THE 2026 Budget aims not only to address domestic priorities but also to protect the Solomon Islands economy from external shocks, ensuring resilience and sustainable development for the country.
This comes as the IMF’s April World Economic Outlook projects global growth to fall from an estimated 3.3 percent in 2024 to 2.8 percent in 2025, before slightly recovering to around 3.0 percent in 2026. The slowdown is largely attributed to rising tariffs worldwide, which have triggered trade spillovers, weakened investor confidence, and increased global uncertainty.

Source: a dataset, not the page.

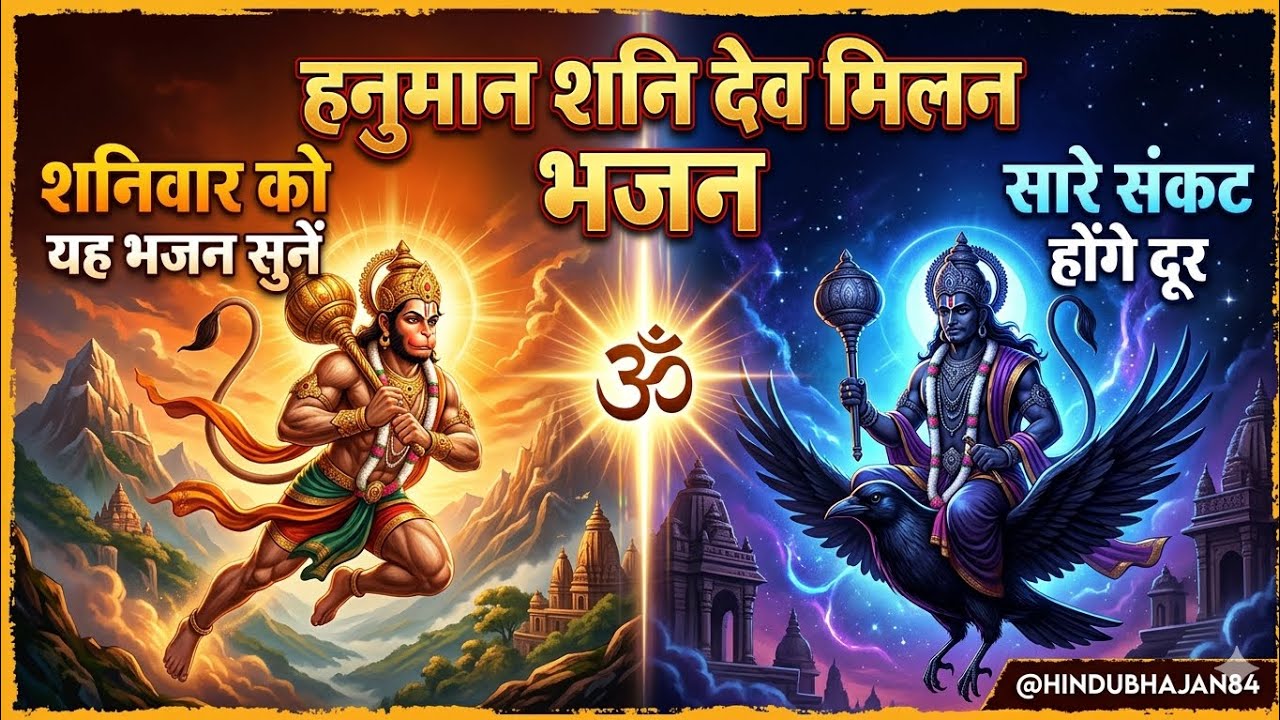 2026में हर संकट होंगे दूर|हनुमान शनि देव की यह चमत्कारी भजन|Hanuman Shani Dev Bhajan[@HINDUBHAJAN84]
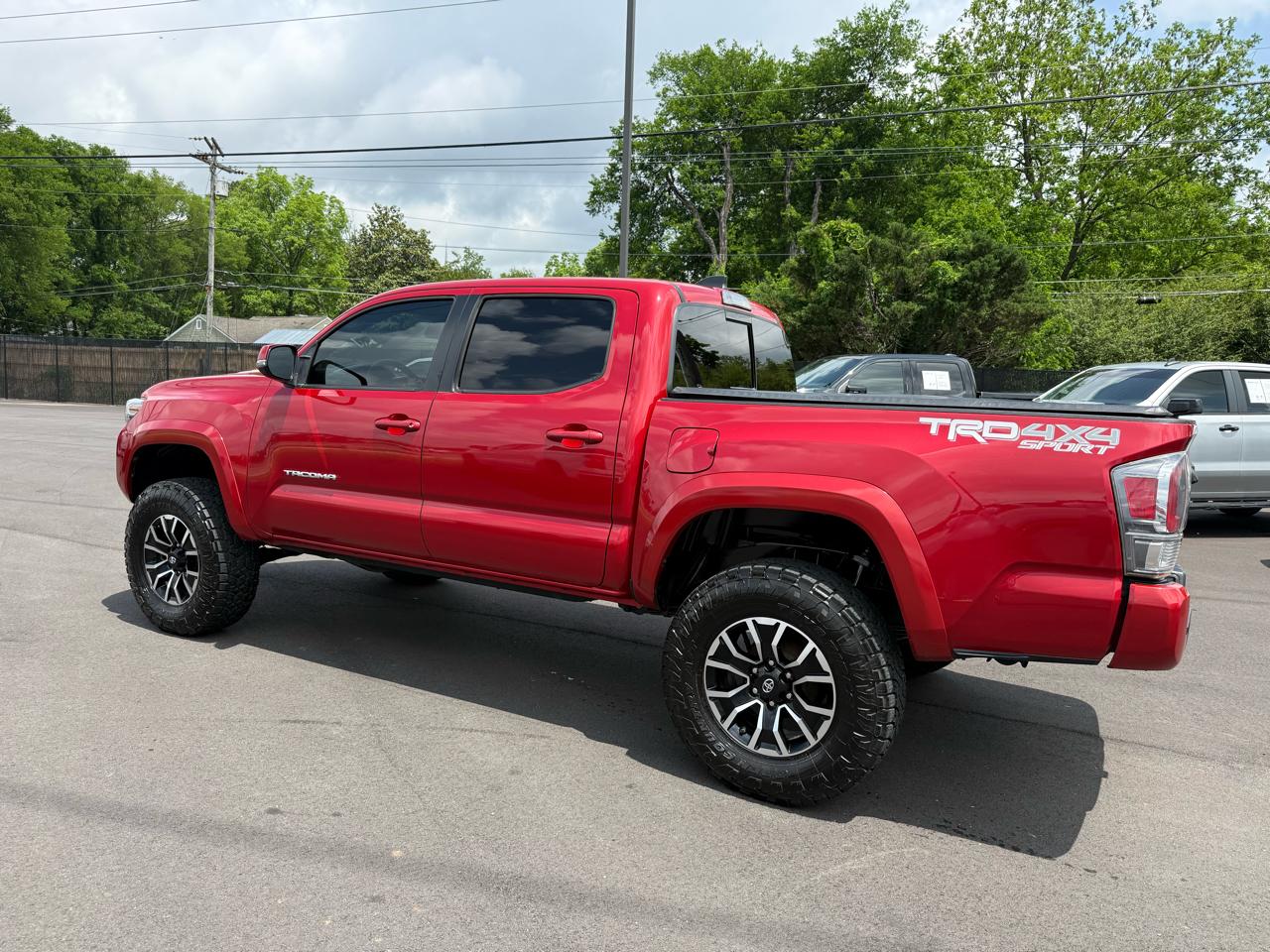 Toyota Tacoma 4WD TRD Sport Double Cab 5' Bed AT (Natl) 2020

When tabling the 2026 Appropriation Bill 2025 in Parliament on Monday, Minister of Finance and Treasury, Rexson Ramofafia, said these global trends have direct consequences for the Solomon Islands.
“As a small island economy, our trade, investment flows, and fiscal stability are highly sensitive to shifts in global growth, commodity prices, and geopolitical tensions,” he said.
Ramofafia noted that in some regions—such as China and parts of Europe—targeted fiscal measures have helped cushion the impact of slowing growth.
Among advanced economies, GDP growth is projected to decline to 1.4 percent in 2025 and 1.5 percent in 2026. In the United States, growth is expected to fall from 2.8 percent in 2024 to 1.8 percent in 2025—one full percentage point lower than the forecast issued in January. This drop is driven by policy uncertainty, trade tensions, and weaker consumption across the economy.
“In the Euro area, growth is projected at 0.8 percent in 2025 and 1.2 percent in 2026,” he said. “Countries such as Germany and Spain have introduced fiscal support to cushion these pressures, but it remains uncertain how long such measures can sustain growth.”
Other advanced economies—Canada, Japan, and the United Kingdom—have also recorded downward revisions for 2025, with weak projections extending into 2026.
Emerging market economies are expected to grow by 3.7 percent in 2025 and 3.9 percent in 2026. Ramofafia said this reflects continued trade downturns across Asia, especially among ASEAN countries affected by US tariffs. China’s growth is forecast at 4 percent for both years, while India continues to maintain stable growth driven by strong rural consumption.